_RECORD EXTRACTS:_
****
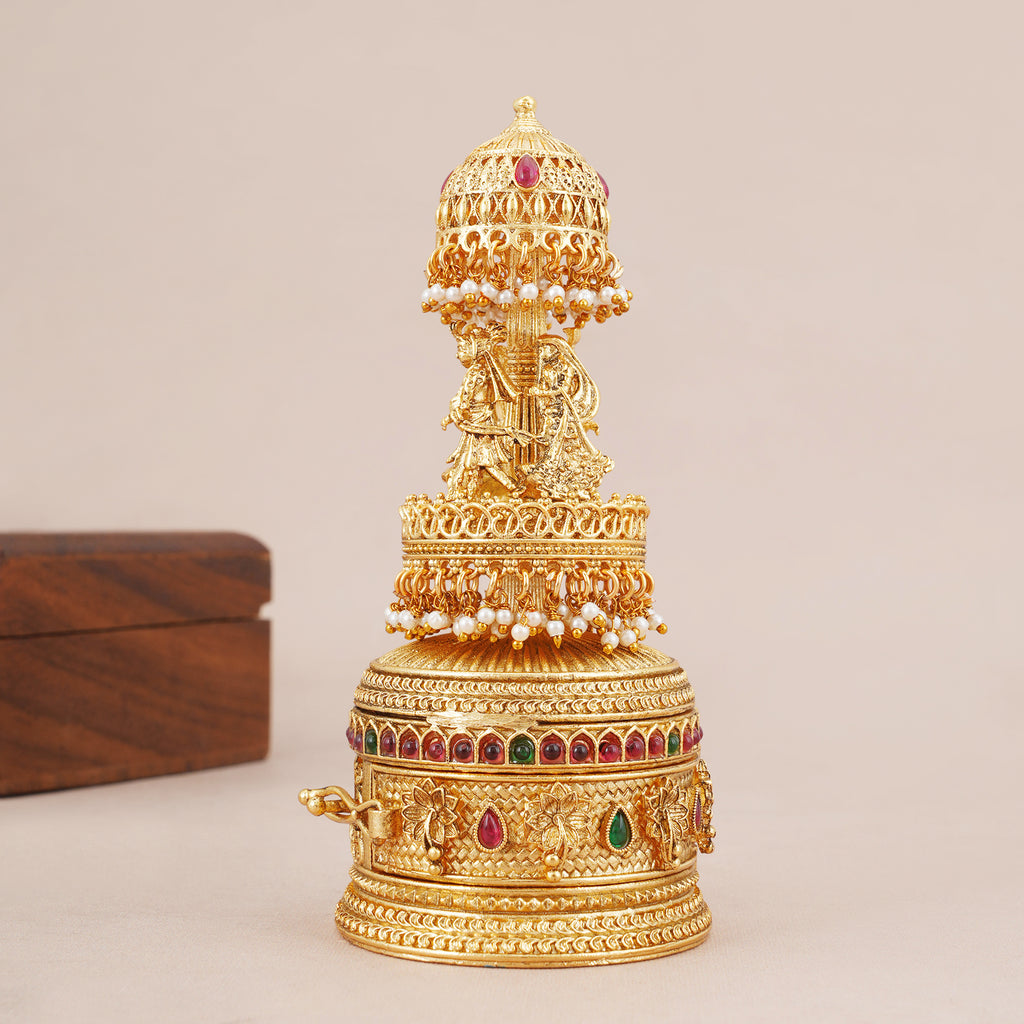 Stunning dulha dulhan antique gold sindoor box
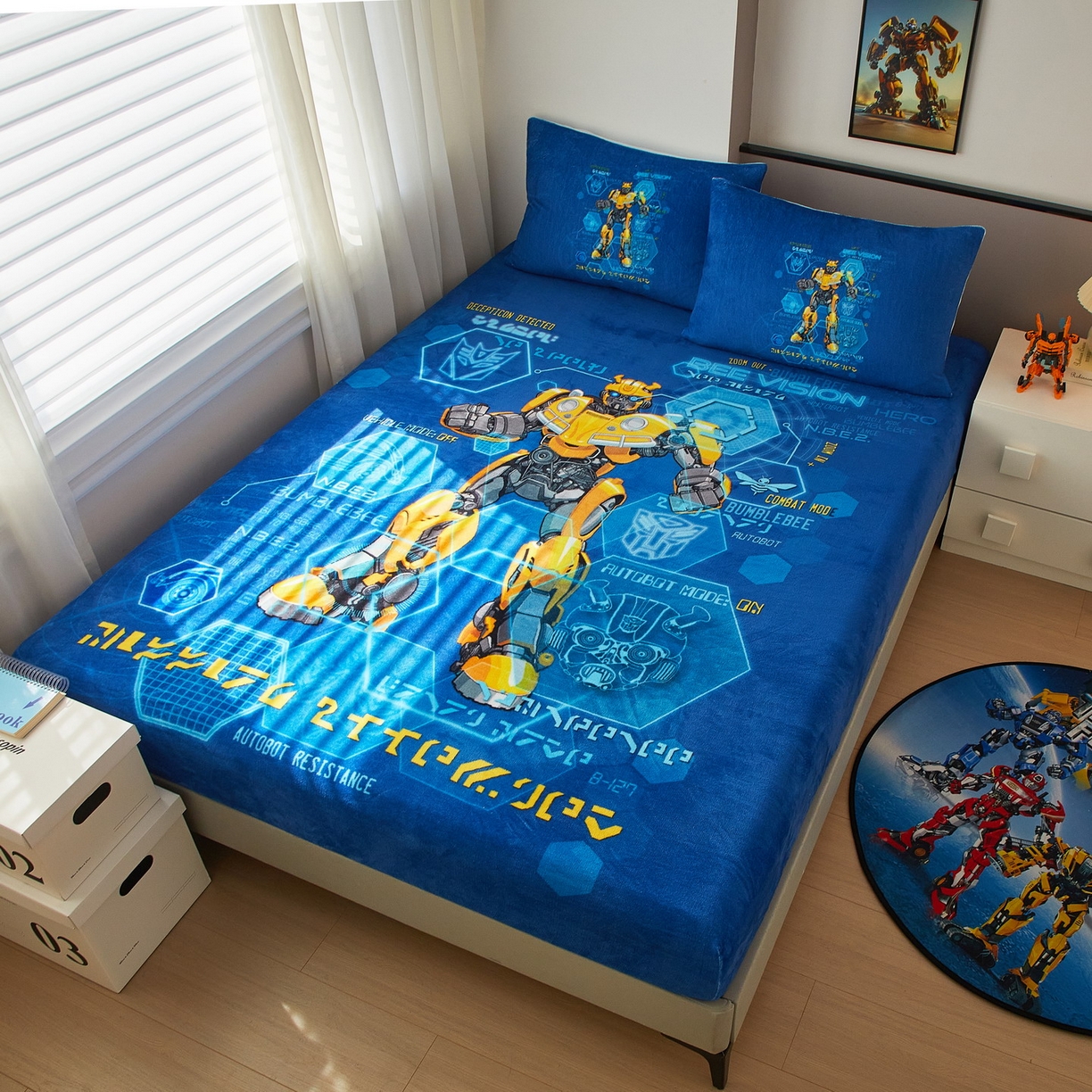 91家纺网 家纺一手货源 找家纺 蘭菲家纺 2025新款高克重亲肤保暖牛奶绒单品床笠-变形金刚 11号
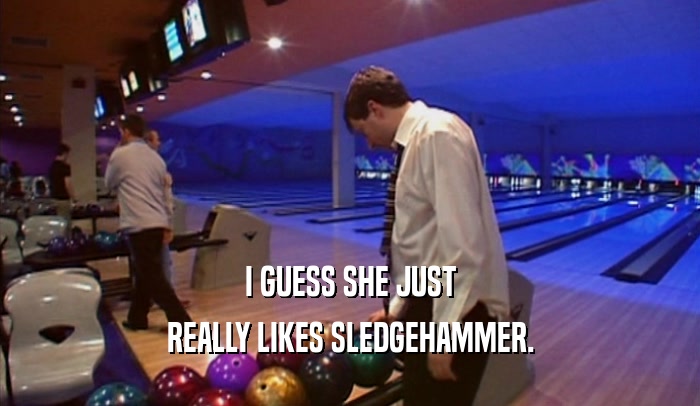 I GUESS SHE JUST
 REALLY LIKES SLEDGEHAMMER.
 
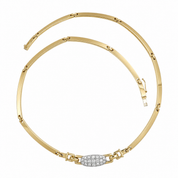 Collana con ciondolo - 18 carati Oro bianco, Oro giallo - 1.29ct. tw. Diamante (Naturale) - Made in Italy - Handmade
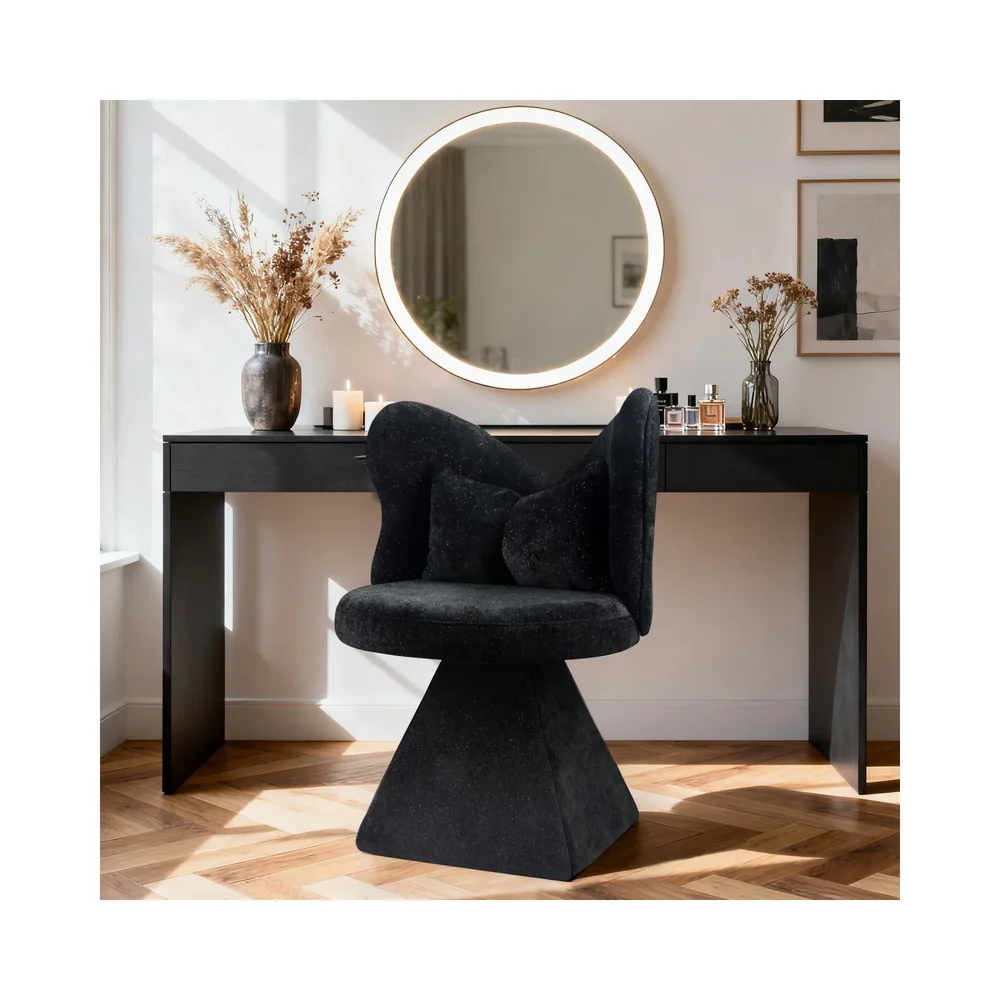 Modern 360 Swivel Accent Chair with Butterfly Back, Vanity Chair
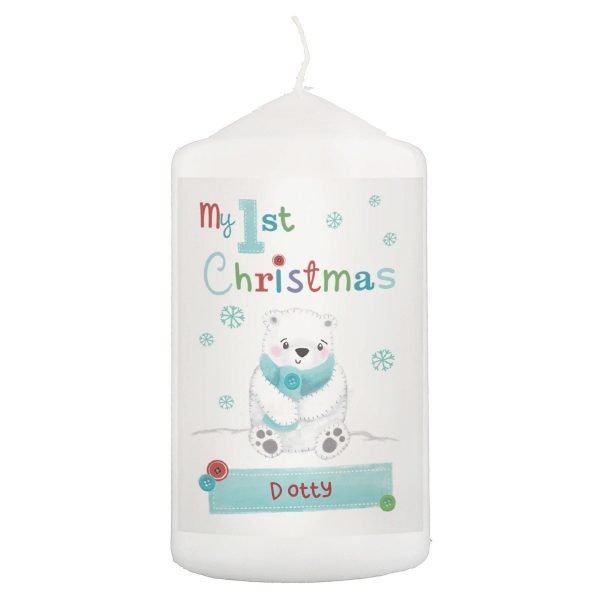 Personalised Polar Bear My 1st Christmas Candle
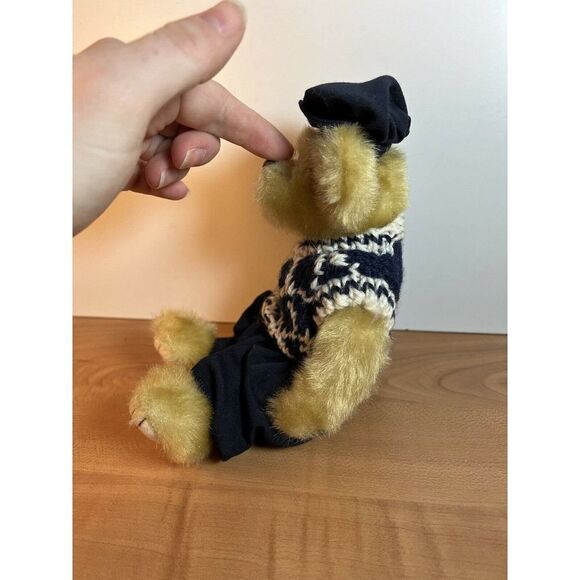 Vintage Ty 9” Collectible Teddy Bear Jointed Navy Blue Outfit 1993 - Picture 3 of 6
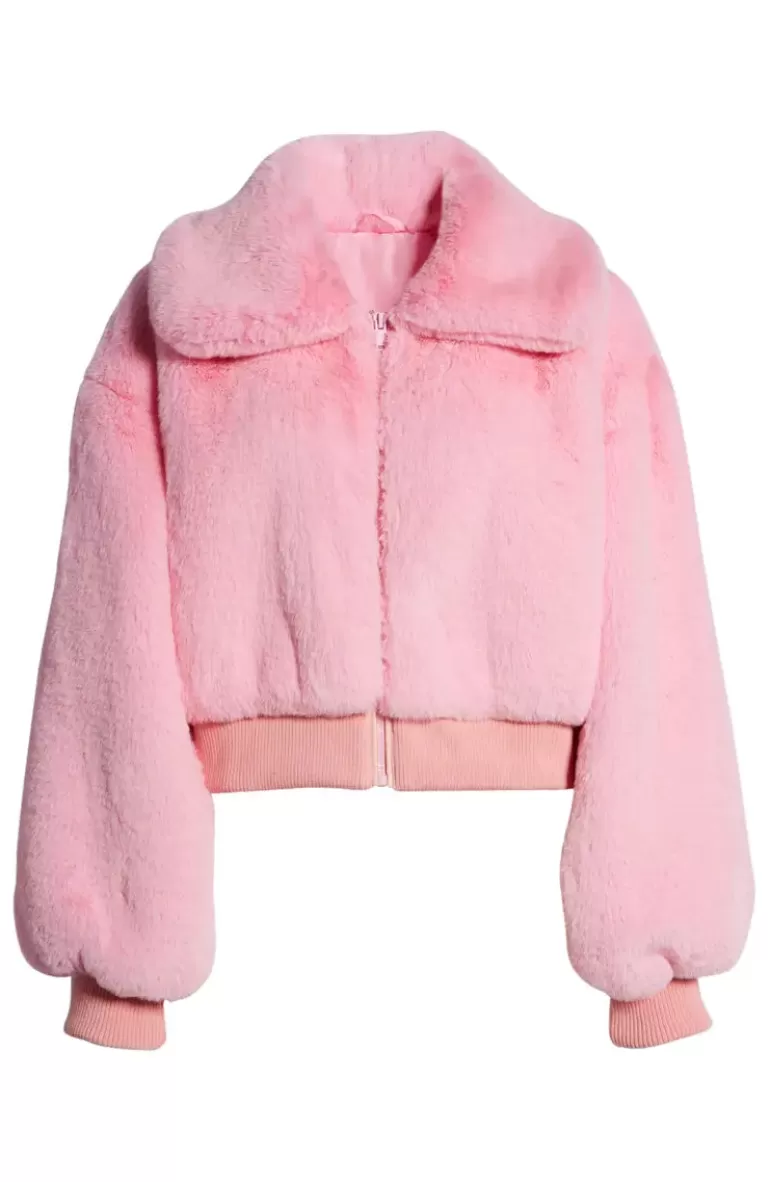 Women AZALEA WANG Drew-Street Cropped Teddy Jacket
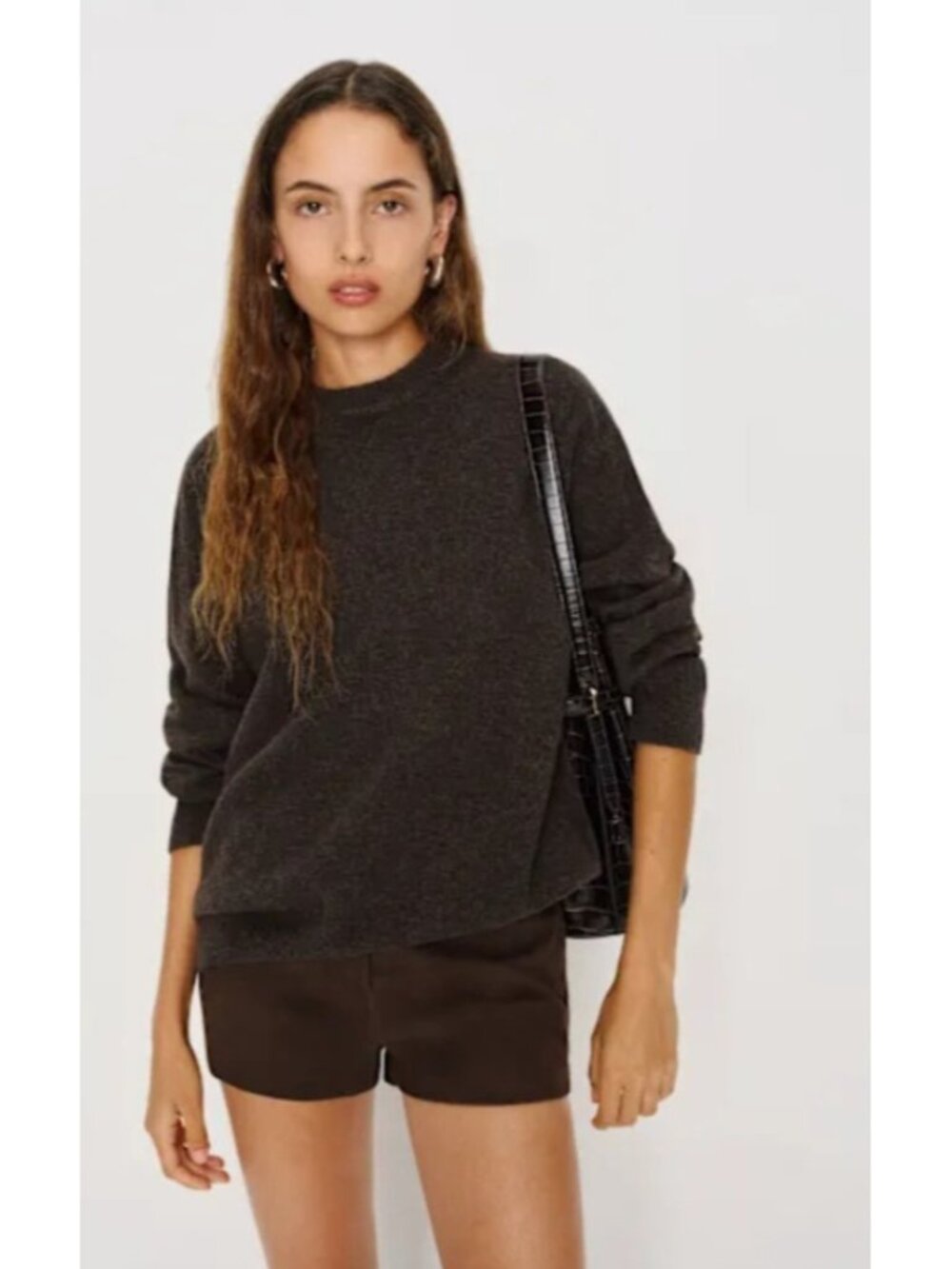 Reformation 100% Cashmere Sweater Women Medium Brown Crewneck Soft Minimalist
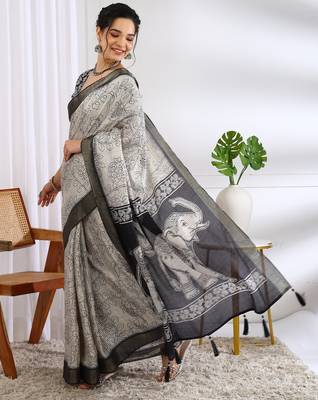 party wear cotton blend floral print saree with unstiched blouse piece_white 3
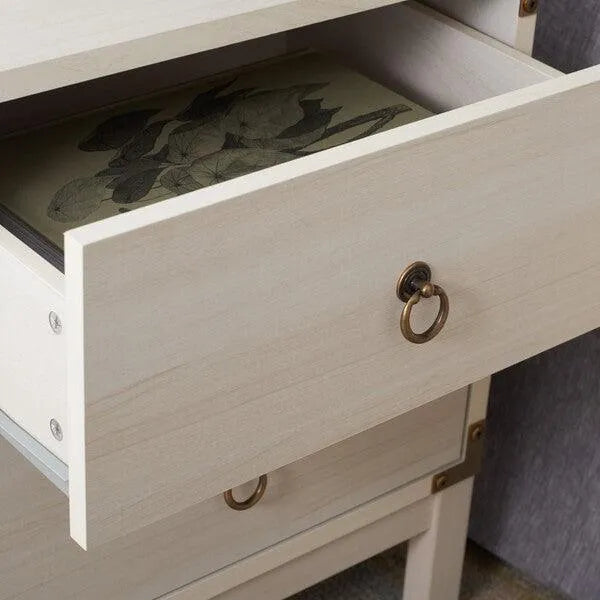 Safavieh Galio White-Gold 2 Drawer Nightstand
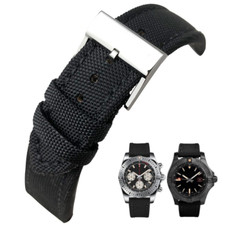 Bracelet Noir pour Breitling Aviator 8, Avenger, Colt 22mm en Nylon & Cuir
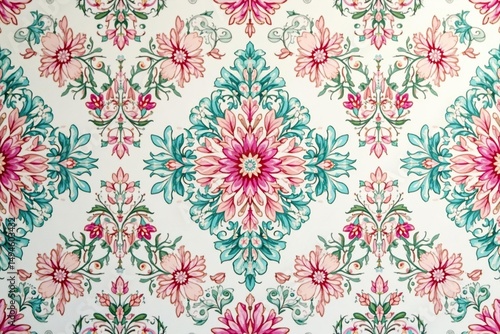 Intricate floral damask pattern in calming pastel shades for interior spaces , elegant, illustration, floral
****
_INSTRUCTIONS TO FOLLOW:_ Everything from the first line of the entries through the line containing "Collana con ciondolo" is to be transcribed exactly; the pictures are not.

_RESULT OF THE EXERCISE:_
 Stunning dulha dulhan antique gold sindoor box
 91家纺网 家纺一手货源 找家纺 蘭菲家纺 2025新款高克重亲肤保暖牛奶绒单品床笠-变形金刚 11号
 I GUESS SHE JUST
 REALLY LIKES SLEDGEHAMMER.
 
 Collana con ciondolo - 18 carati Oro bianco, Oro giallo - 1.29ct. tw. Diamante (Naturale) - Made in Italy - Handmade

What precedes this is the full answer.